À Marseille, il y a les galeries, les bars, et puis il y a Mesure. Un lieu qui ne coche volontairement aucune case, et qui le revendique : « on n’est ni une galerie, ni un bar » explique Romain, l’un·e des fondateur·rice·s du collectif. À l’origine, quatre créatif·ve·s indépendant·e·s - Romain Sanna, Caroline Nasica, Robin de Haro et Gauthier Payan - en quête d’un simple bureau. À l’arrivée, un club créatif hybride devenu point de ralliement pour une nouvelle génération d’artistes provençaux·ales.

Très vite, leur vision dépasse les murs d’un coworking classique : créer un lieu ouvert, vivant, où l’on peut exposer sans pression, expérimenter sans format et exister sans devoir vendre. Entre accrochages éphémères, performances, DJ sets et installations hybrides, Mesure brouille les frontières et redonne à l’exposition une dimension sensible et collective.
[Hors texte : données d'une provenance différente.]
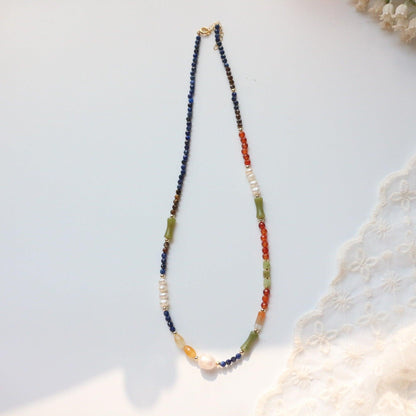 Rustic Colorful Natural Stone Beaded Necklace & Double Layer Bracelet – Unique Boho Style Jewelry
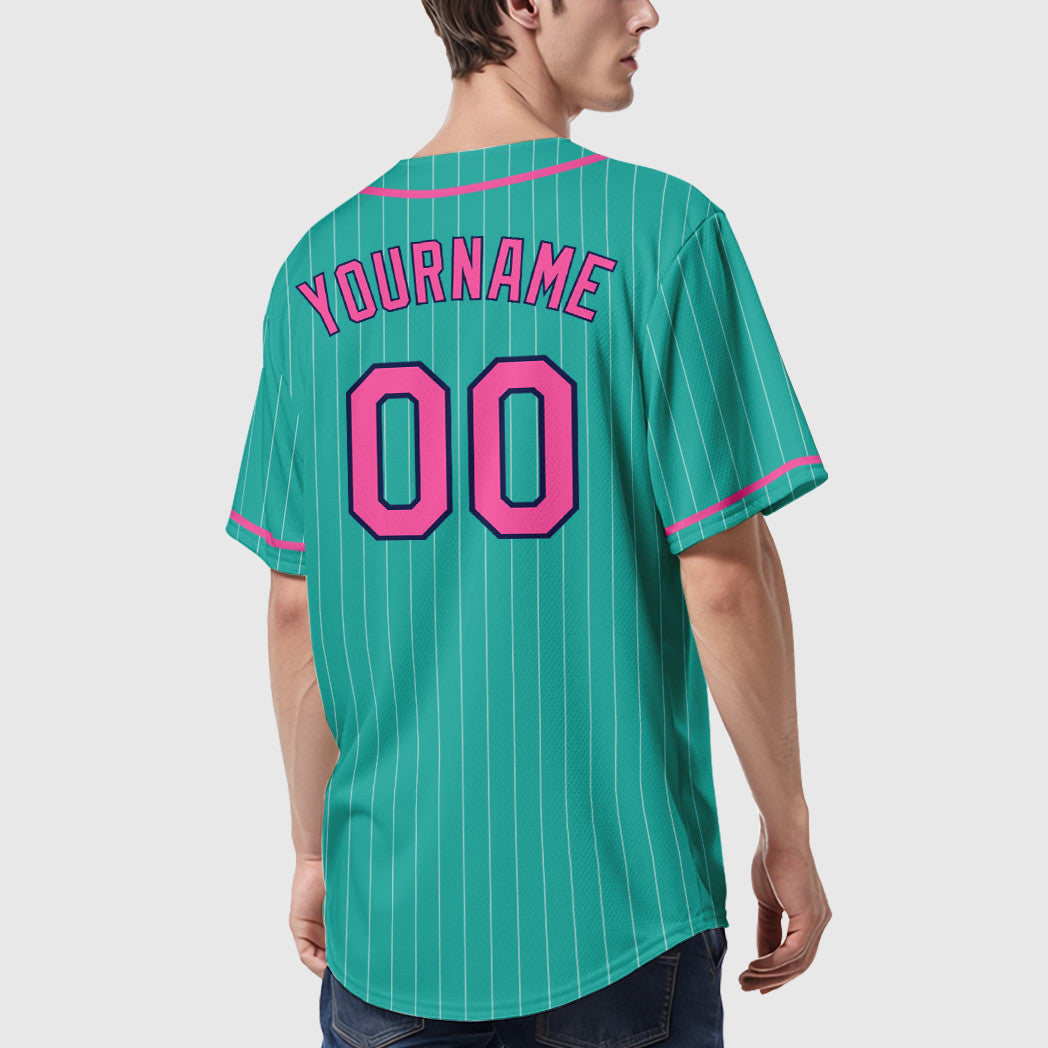 Custom Aqua White Pink-Navy Piping Pinstripe Baseball Jersey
Le lieu fonctionne presque à contre-courant, laissant les artistes libres, soutenu·e·s par un modèle simple où la buvette finance l’ensemble, une fois par mois, lors de vernissages tonitruants.

Dans une ville où les lieux d’exposition restent rares comparés à Paris - qui compte plus de 1 000 galeries d’art contemporain - Marseille fonctionne avec un écosystème bien plus restreint, de quelques dizaines de galeries, mais surtout une multitude d’espaces indépendant·e·s et hybrides. Cette asymétrie dessine deux scènes très différentes : l’une institutionnalisée et fortement structurée par le marché, l’autre plus fragile mais plus poreuse, où les lieux alternatifs deviennent essentiels.

C’est dans cette porosité que s’inscrit Mesure. Ancré dans Marseille, nourri par ses talents et son énergie brute, le collectif s’impose comme un véritable tremplin local.

Mesure
Caroline Nasica

Alors, comment est né Mesure ?

Romain : Mesure est né presque par accident. À la base, on cherchait juste un bureau pour travailler ensemble : on est quatre indépendant·e·s dans des métiers créatifs : direction artistique, design graphique, illustration. Mais très vite, on a voulu plus qu’un simple espace de travail. On imaginait un lieu ouvert, avec une dimension sociale, où rencontrer des gens, créer du lien. Le rez-de-chaussée s’est transformé en espace d’exposition et d’événements, tandis que l’étage reste un bureau partagé. C’est devenu un lieu hybride : à la fois coworking, atelier et espace culturel.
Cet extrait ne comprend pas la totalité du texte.